Pink pineapples, golden rice, the incredibly useful art of camoflauge, goats that climb trees and spit seeds, redesigning roadways to be less lethal to turtles, trying to keep the bees from collecting poisonous dust delibrately put on crop seeds, the rate of mutation for organisms slows down significantly as the timeframe of study gets longer, a fish that borrows the egg of another fish to clone itself, the first attempt at fighting celiac disease involved copious amounts of bananas, there aren't enough botique slaughterhouses to keep up with the demand for farm-to-table meats, using the mating calls of fish to prevent them from being caught as they're spawning, trying to give tomatoes their original flavors back, raising soil acidity may be a way of helping plants fight drought, wolves reared by humans show affection for those humans that rear them, using modified yeast to detect the presence of harmful fungi, a rather large extinction event brought about by natural climate change, how the dog biscuit came to have a bone shape, reintroducing proghorn antelope to the places where it once was, the spiders that are transfized by green light.
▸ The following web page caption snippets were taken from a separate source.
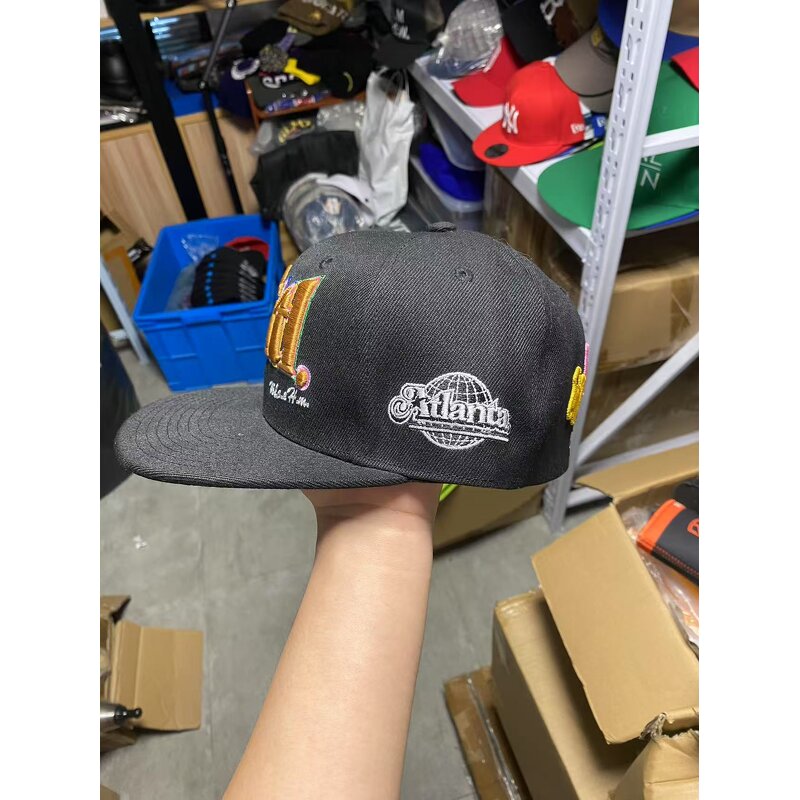 Fitted Cap Factory - Wholesale Baseball Hat 6 Panel 3D Embroidery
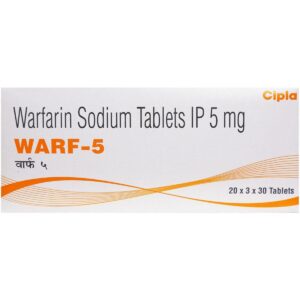 WARF 5MG TAB Medicines CV Pharmacy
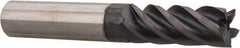 Accupro - 1", 3-1/4" LOC, 1" Shank Diam, 6" OAL, 5 Flute, Solid Carbide Square End Mill - Single End, nACRo Finish, Spiral Flute, Variable° Helix, Centercutting, Right Hand Cut, Right Hand Flute - Exact Tool & Supply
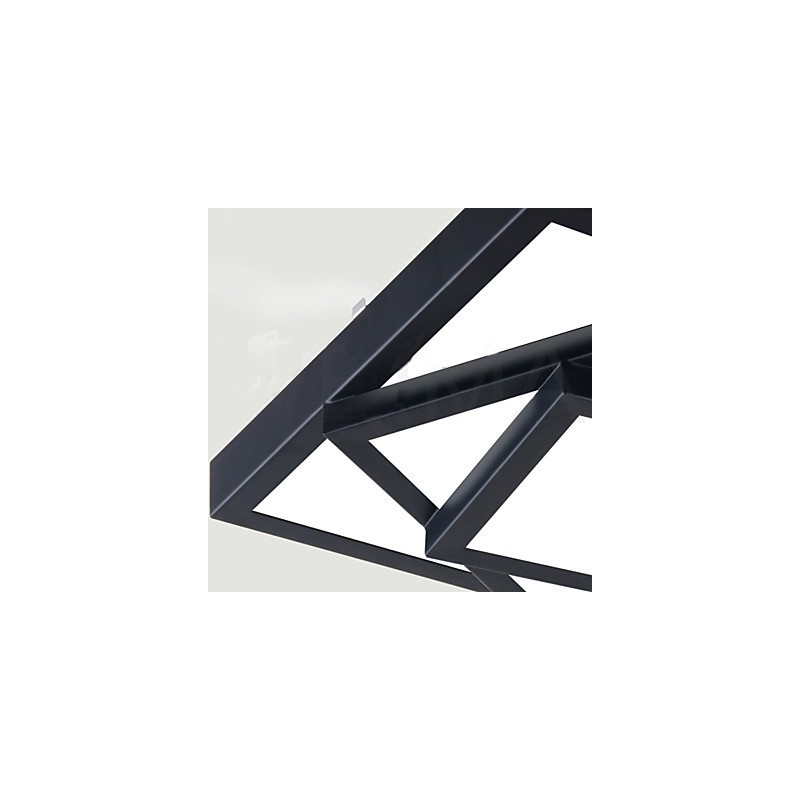 Plafoniera a filo Creative Arts moderna minimalista LED 40 cm nera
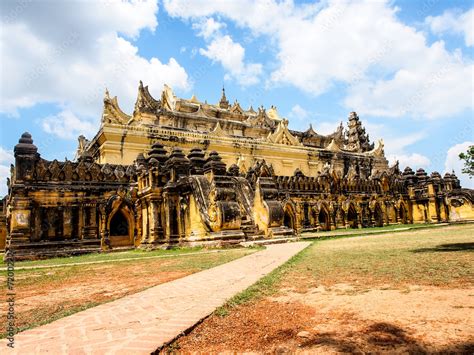 Mahar Aung Mye Bon San Monastery Inwa Myanmar Stock Photo Adobe Stock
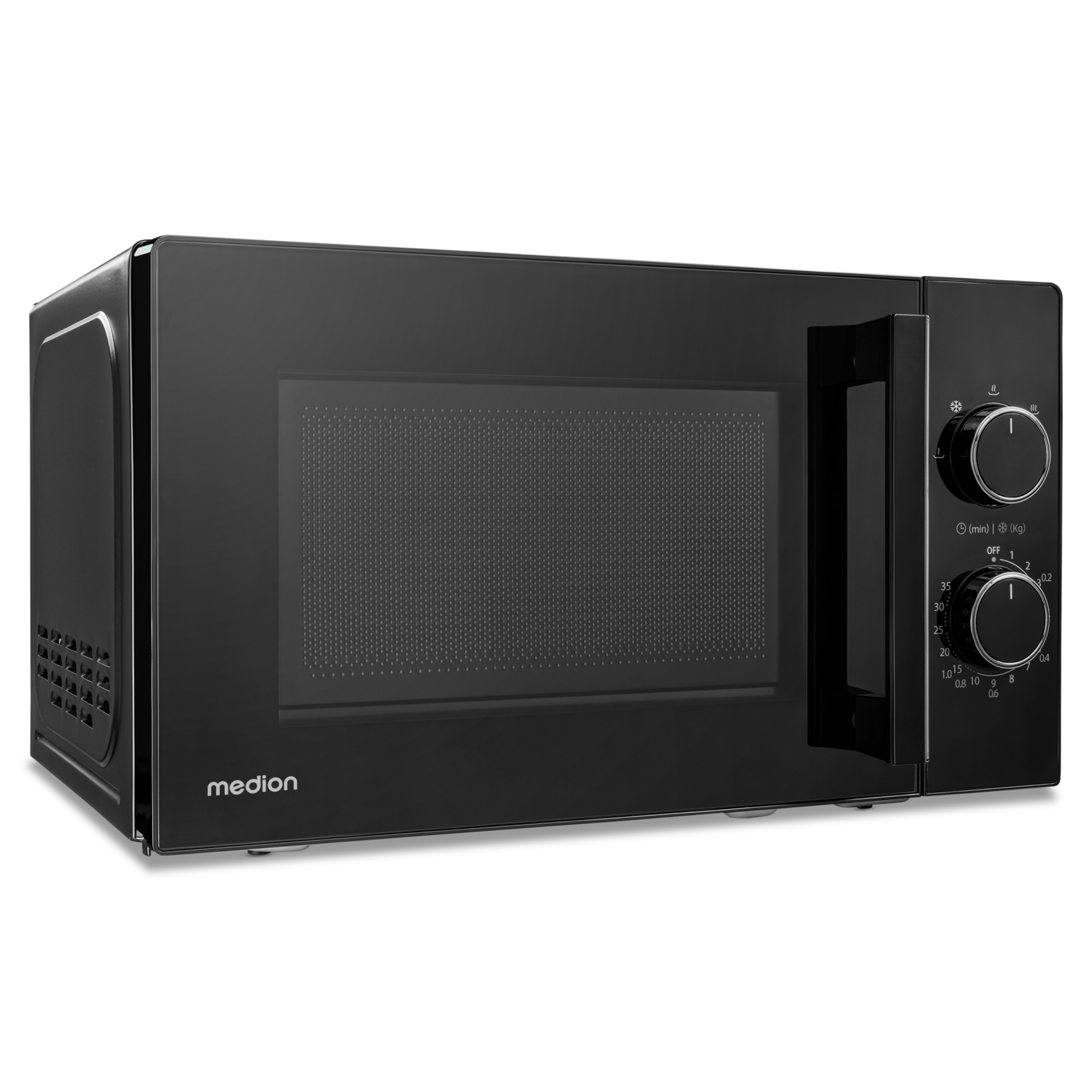 MEDION® LIFE® Mikrowelle MD12011, 800 Watt, 20 L Kapazität, 5 Leistungsstufen, Auftaufunktion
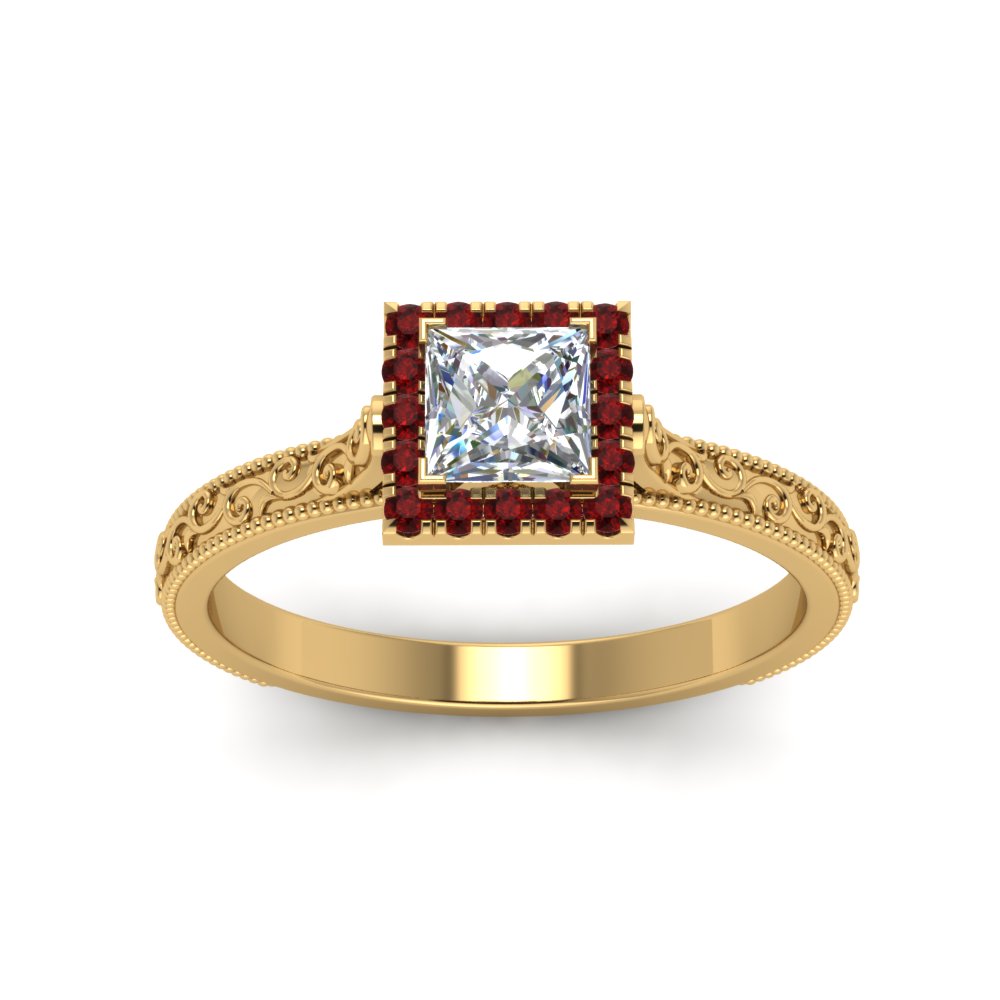 hand-engraved-princess-cut-halo-diamond-engagement-ring-with-ruby-in-yellow-gold-FD8588PRRGRUDRANGLE5-NL-YG_fa266caa-c0ba-4d1a-99bc-6d318e1debfc?v=1757589506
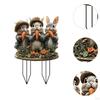 Acrylic Bunny Sculpture for Yard And Garden Display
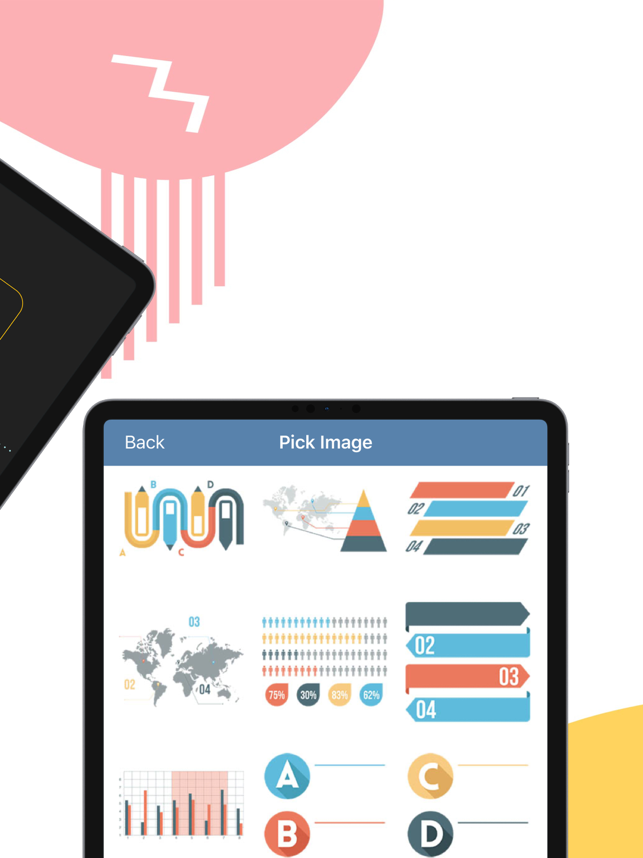 ‎InfoGraphic and Poster Creator Screenshot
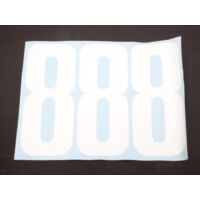 Aufkleber Lot 3 drei Sticker pxp Rennnummer für Motorrad 8 acht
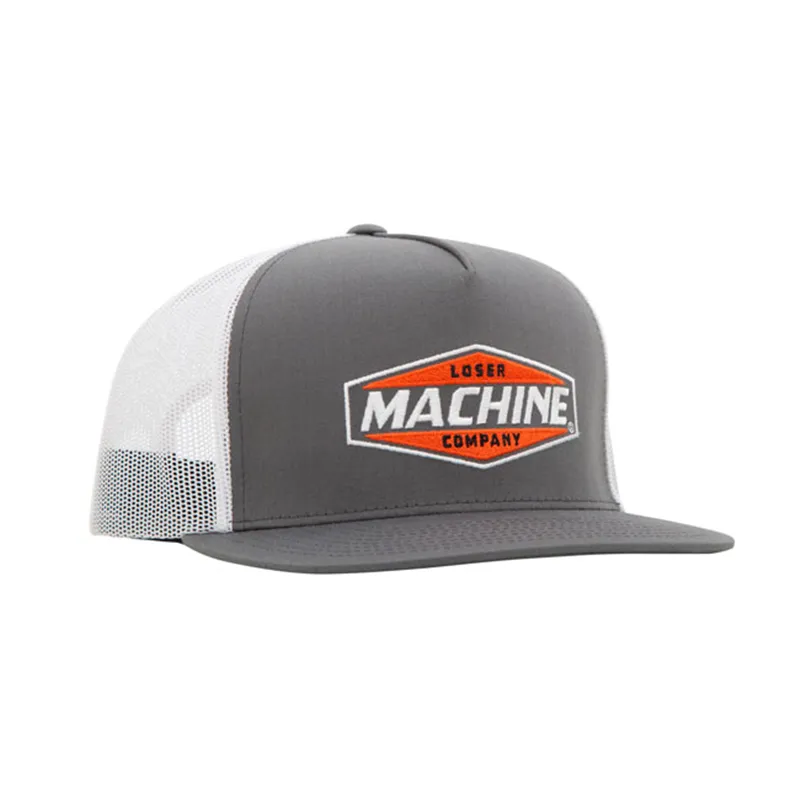 cafe 4 racer - Loser Machine Thomas trucker cap charcoal/white - Loser Machine Company Caps 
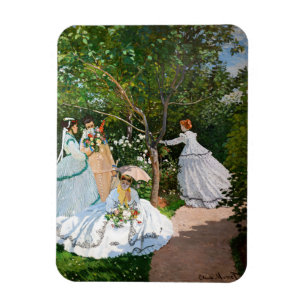 Claude Monet - Kvinnor i trädgården Magnet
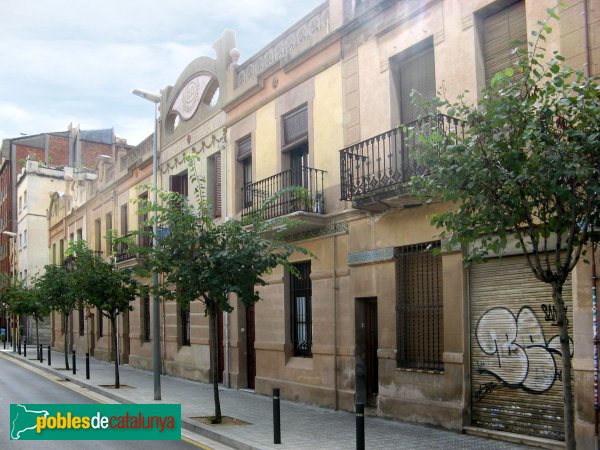 Barcelona - Carrer del Comte Güell (Foto: Albert Esteves, 2010) Barcelona - Carrer del Comte Güell
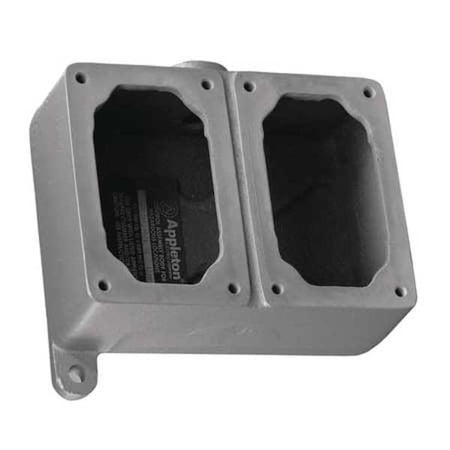 Electrical Box, Not Applicable, Mounting Box Type, 2 Gangs, Aluminum, Rectangular Shape MPN:EFDC210A-NL-Q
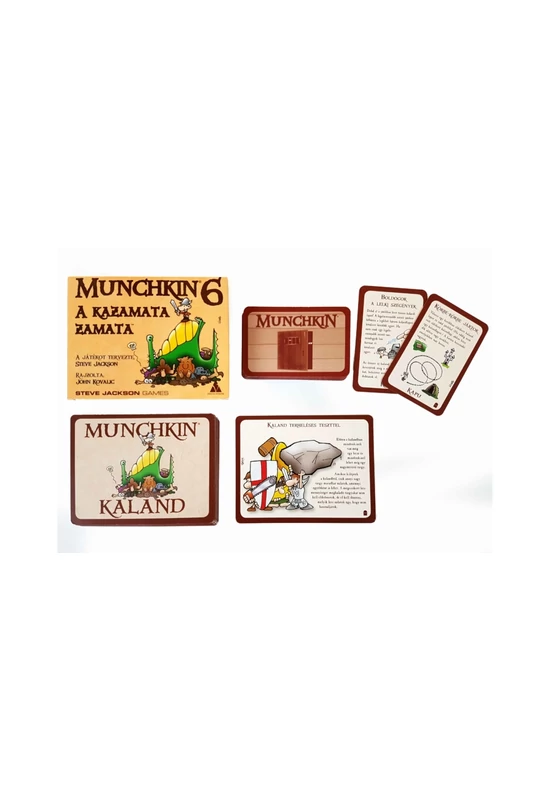 DELTA VISION - Munchkin 6 - A Kazamata Zamata - vicces kártyajáték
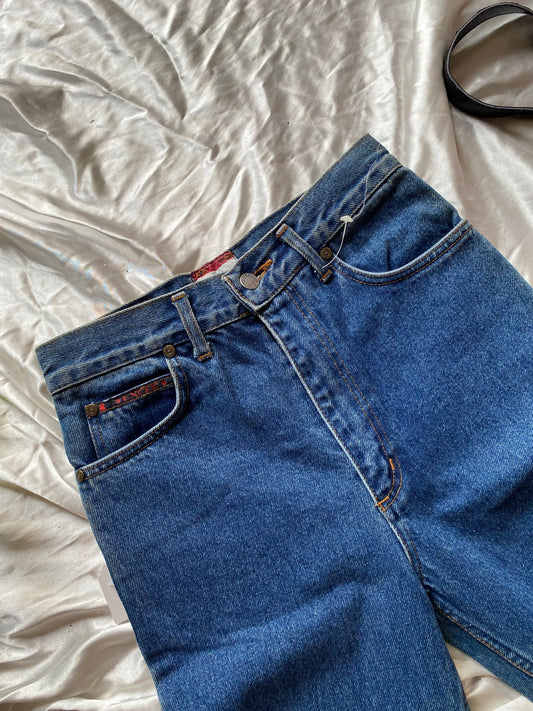 90s dark blue jeans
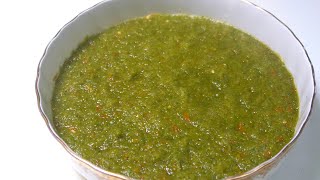 HOW TO MAKE CORIANDER SAUCE WITH APPLE VINEGAR THE IS SHORT STEP BY STEP TUTORIAL [upl. by Falzetta]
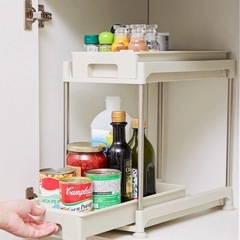 シンク下引き出し収納2段の画像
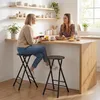 Zestaw 2 sztuk składanych stołków barowych HOMCOM z Podgląd zdjęcia produktu 8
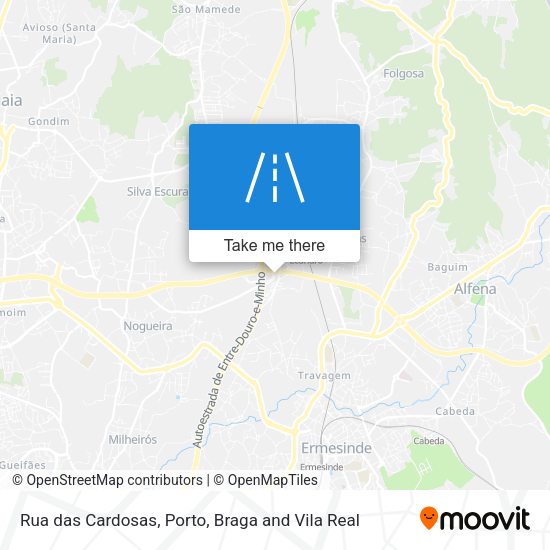 Rua das Cardosas map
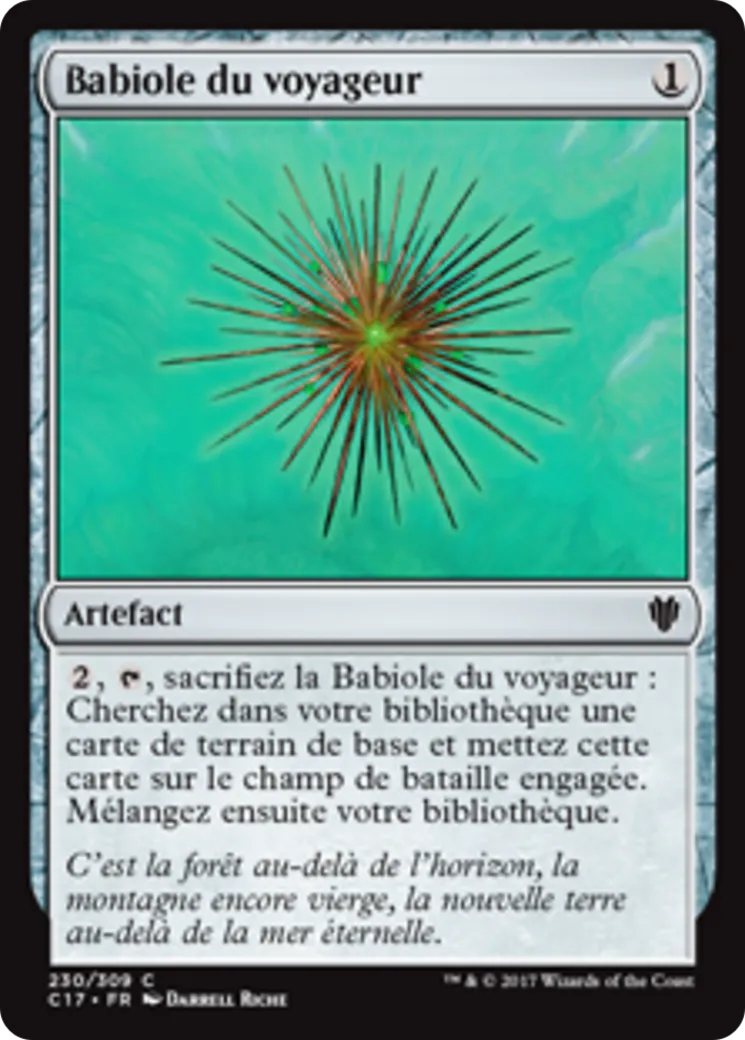 Babiole du voyageur from Commander 2017 - Magic: The Gathering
And that can see the moon. And that JUMP. the likelihood of survival increasing for squirrels if they're born earlier in the year, stories in which pets protect their owners from abuse, mass marine extinctions that happened at the end of eras that humans hadn't noticed until recently, ice cream traditions from around the world, amounts of lead found in baby food, photographic species before they go away, letting neural networks name guinea pigs, and illustrating the idea of an octopus as a pet.
In technology, the keyboard enthusiasts looking to create the perfect keyboard (for them), pictures of Jupiter from Juno, bamboo as a construction material, a firm offering free retraining for coal miners to become wind turbine operators, which might be much appreciated to get them out of the mines before a resurgence in the black lung family of diseases gets them, using DNA to put an extinct ungulate in the right part of the phylogentic tree, the need for clinical trials of the possibility that intravenous vitamin C could be useful in clearing up sepsis infections, the possibility of being able to receive vaccinations by patch rather than injection, the presence of ashtrays as safety devices, despite the ban on smoking on flights, obtaining a refurbished otherwise completely too expensive camera from a person who was the expert on those cameras, and who also made it possible for astronauts to take exposures on Luna, trying to reproduce the method by which Romans built walls that got stronger in the sea, home beer creation used to be the province of women, taking a visit to track the plastic floating in the ocean, gathering information about the temperature drop experienced during solar eclipses, snapshots of midwifery around the world, using sneaker data as a calibration for tracking pollution in water with satellites, understanding that the statuary of antquity was likely decorated in all sorts of colors, and visualizing the difference between a printed subway map and the actual geography it covers.
Scientists are used to traveling with odd things, and then having to explain their science to the TSA when those odd things are flagged for inspection.
Fidget toys are supposed to help with neurodiversity. And yet all we seem to get are the perspectives of the neurotypical on their use.
Google doesn't want to have to do the work to determine whether it's being discriminatory toward women on matters of pay. Even though the time and cost would not really be all that burdensome to the company.
An Armenian composer whose scores captured the mountains of Armenia, sometimes tracing the peaks in his scores.
Marvel gets smart about not putting a black man in an ape costume for the Black Panther movie.
Governmental demonstrations of how not to use various incidiery and explosive devices.
Last for tonight, a video perspective of New York, from 1927 and 2017. Photographs of New York City from 1979.
The pin-up art of early-20th century Hogwarts. And also, because it deserves re-mentioning every time I come across it, the Disney Princesses as competent and capable engeineers.